Placing Family at the Heart of Society

About this Workstream

We are increasingly aware of the terrible social consequences of the breakdown of families, both extended and immediate. That the UK has one of the highest rates of family breakdown in the Western world and that the social and economic cost is one we can no longer afford to ignore is evident to those that would look. Family breakdown is damaging to people and society: it drives many of the social problems we see in Britain.


Children growing up in unstable families tend to do worse at school, are more likely to be involved in crime and to live in poverty. It is also very costly for the government and the taxpayer: costing the country up to £46 billion a year. Support structures for disadvantaged families, including parents and children in vulnerable situations, are also severely lacking. What’s more, the current benefit structure is hugely detrimental to working families who are looking to provide for their children and older family members, as benefits are either insufficient or marginal income tax rates disincentivise work. For many, work doesn’t pay – the majority of children who live in poverty in the UK have an employed parent.

We need a political environment and social architecture that puts family at the heart of public services and public policy. As the smallest of our institutions, the ‘household’ represents the governance, care and support of our parents and children, and underpins the structure of the community and the nation. We need institutions and policies that strengthen these relationships, which in turn will increase the strength of community. Marriage and family stability helps to cultivate permanent relationships which can be extended to those within and without the family group who are feeling isolated and lonely. It also tends to produce stable individuals, whose very rootedness renders them strong and adaptable in the face of new challenges and crises. We therefore seek to support people in having children, and through early intervention and holistic through-life and familial care, enable people to care for their children in the best way possible.

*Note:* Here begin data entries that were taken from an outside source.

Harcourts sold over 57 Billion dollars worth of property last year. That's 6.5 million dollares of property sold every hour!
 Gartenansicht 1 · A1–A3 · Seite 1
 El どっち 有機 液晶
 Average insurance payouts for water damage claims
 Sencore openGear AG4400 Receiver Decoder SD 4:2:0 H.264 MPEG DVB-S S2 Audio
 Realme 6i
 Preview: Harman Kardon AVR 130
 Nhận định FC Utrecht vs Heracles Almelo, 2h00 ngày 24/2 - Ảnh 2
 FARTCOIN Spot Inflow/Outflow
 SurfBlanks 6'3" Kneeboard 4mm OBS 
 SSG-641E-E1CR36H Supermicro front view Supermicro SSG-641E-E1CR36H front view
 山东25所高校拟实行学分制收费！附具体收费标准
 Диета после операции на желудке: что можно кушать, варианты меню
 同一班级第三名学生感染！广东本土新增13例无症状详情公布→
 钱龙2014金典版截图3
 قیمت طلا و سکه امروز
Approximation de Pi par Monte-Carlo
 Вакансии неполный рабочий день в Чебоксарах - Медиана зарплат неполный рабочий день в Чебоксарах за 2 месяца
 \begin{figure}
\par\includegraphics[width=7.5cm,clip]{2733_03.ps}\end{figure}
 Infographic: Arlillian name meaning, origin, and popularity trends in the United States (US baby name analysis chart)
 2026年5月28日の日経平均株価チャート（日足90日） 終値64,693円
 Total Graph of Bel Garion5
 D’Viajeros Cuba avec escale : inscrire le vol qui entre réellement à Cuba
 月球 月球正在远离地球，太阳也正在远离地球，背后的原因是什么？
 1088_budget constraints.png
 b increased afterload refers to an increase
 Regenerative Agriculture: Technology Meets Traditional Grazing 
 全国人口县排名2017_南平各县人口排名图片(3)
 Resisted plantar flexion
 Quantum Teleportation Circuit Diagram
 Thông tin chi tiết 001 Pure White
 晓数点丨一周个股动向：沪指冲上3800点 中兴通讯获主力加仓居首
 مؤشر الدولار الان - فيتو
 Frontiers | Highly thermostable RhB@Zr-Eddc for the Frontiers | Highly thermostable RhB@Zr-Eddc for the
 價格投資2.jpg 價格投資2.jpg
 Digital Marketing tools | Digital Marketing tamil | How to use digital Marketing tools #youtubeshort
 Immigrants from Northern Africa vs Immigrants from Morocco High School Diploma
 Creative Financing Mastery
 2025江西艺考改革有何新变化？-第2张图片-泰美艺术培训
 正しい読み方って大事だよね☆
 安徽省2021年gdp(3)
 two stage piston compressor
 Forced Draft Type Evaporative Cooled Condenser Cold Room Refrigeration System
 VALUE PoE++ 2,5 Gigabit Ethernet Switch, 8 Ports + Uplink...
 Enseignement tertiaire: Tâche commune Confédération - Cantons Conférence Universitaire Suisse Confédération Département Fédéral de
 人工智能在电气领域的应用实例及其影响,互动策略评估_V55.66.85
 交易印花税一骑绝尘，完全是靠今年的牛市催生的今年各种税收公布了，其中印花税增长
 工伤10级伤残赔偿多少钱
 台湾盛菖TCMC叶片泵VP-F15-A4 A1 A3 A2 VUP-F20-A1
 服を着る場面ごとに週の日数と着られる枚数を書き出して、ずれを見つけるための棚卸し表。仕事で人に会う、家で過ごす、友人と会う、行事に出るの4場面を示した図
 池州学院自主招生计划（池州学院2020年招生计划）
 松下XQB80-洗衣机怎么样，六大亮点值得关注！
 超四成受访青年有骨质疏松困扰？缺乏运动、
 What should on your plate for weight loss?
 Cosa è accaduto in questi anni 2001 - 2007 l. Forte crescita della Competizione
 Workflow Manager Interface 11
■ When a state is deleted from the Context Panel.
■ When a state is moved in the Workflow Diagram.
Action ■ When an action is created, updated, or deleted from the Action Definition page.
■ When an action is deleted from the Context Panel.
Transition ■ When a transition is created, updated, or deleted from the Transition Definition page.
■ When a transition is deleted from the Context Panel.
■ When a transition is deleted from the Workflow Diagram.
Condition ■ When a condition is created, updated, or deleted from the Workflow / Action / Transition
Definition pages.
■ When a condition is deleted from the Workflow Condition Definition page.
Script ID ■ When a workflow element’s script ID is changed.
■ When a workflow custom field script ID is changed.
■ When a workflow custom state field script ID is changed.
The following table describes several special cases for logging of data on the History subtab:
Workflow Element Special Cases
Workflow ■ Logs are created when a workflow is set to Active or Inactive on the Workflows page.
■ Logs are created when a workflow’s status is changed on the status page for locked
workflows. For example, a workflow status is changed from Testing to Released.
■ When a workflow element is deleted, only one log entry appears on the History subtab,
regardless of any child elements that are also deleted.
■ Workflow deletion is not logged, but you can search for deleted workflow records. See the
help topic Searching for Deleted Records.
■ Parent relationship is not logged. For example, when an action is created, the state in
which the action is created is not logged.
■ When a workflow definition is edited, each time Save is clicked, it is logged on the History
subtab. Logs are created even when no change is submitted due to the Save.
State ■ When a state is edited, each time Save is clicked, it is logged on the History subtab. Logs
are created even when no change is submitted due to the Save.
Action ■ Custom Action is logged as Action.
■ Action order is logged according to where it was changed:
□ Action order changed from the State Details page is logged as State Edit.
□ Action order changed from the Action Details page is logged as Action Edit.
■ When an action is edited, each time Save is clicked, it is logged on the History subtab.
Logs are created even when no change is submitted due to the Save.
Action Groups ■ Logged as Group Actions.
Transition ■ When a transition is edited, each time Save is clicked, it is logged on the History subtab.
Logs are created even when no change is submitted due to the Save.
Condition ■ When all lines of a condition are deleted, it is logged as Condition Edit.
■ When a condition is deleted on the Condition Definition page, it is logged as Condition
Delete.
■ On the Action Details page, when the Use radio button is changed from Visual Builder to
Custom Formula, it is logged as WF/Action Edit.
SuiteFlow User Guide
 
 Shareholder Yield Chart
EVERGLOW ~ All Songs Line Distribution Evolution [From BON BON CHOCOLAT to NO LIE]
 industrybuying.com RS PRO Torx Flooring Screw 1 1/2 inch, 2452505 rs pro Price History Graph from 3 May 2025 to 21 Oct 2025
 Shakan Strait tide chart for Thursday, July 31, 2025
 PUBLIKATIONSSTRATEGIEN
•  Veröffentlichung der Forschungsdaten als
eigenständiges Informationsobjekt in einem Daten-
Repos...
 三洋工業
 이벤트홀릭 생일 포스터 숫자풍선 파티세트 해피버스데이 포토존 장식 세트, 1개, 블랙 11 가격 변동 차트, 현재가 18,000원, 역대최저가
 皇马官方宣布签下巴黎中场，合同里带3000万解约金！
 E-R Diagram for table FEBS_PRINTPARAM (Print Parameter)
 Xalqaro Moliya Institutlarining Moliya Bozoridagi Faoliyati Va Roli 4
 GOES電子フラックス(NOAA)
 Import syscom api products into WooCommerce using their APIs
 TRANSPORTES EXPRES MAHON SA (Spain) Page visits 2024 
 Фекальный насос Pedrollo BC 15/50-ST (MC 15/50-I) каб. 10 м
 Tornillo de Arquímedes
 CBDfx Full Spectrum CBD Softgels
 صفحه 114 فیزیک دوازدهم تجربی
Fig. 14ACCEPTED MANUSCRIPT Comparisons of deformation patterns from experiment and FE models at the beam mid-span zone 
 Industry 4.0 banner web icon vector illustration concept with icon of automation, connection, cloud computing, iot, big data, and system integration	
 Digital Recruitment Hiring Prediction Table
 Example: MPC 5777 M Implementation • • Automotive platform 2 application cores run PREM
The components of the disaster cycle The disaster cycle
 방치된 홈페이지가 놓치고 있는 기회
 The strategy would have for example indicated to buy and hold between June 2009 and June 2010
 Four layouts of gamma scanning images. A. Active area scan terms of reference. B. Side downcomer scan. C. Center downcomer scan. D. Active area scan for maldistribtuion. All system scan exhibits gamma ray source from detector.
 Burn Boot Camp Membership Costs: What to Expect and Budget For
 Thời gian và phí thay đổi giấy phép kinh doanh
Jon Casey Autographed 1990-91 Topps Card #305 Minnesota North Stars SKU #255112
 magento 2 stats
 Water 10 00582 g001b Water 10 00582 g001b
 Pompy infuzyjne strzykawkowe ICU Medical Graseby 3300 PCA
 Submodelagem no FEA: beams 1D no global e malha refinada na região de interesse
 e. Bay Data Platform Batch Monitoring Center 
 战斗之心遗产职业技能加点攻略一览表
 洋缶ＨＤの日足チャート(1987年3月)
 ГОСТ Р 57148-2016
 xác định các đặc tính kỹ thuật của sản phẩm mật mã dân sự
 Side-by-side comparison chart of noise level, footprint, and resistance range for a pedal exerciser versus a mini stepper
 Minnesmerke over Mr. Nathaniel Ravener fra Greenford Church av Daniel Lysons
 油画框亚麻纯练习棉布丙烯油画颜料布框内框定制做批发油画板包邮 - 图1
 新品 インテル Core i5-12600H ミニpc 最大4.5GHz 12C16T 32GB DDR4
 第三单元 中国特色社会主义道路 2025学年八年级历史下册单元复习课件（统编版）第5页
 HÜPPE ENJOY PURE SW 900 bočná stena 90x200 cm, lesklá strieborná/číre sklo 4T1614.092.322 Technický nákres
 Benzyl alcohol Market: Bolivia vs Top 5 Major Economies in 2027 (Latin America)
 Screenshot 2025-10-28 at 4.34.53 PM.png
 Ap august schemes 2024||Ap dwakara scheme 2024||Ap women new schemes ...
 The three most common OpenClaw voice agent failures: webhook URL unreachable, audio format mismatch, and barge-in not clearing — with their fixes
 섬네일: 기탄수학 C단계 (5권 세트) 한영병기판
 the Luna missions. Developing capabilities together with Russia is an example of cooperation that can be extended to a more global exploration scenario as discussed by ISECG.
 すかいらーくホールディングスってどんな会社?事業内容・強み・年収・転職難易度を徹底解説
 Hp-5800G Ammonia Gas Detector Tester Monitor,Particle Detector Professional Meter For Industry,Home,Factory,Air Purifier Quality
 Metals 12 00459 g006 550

Above all we believe that everyone at all levels of society needs to be offered better ways to integrate family with work, so that having and bringing up children is no longer regarded as a private or part-time activity. To this end we should reconsider the restoration of the ‘family wage’, and proper in-home or at-work childcare. In short, we wish to move beyond tired ‘culture wars’ in the field of family policy towards an approach which combines support for families and the neglected needs of children, with gender equality and genuine freedom of choice.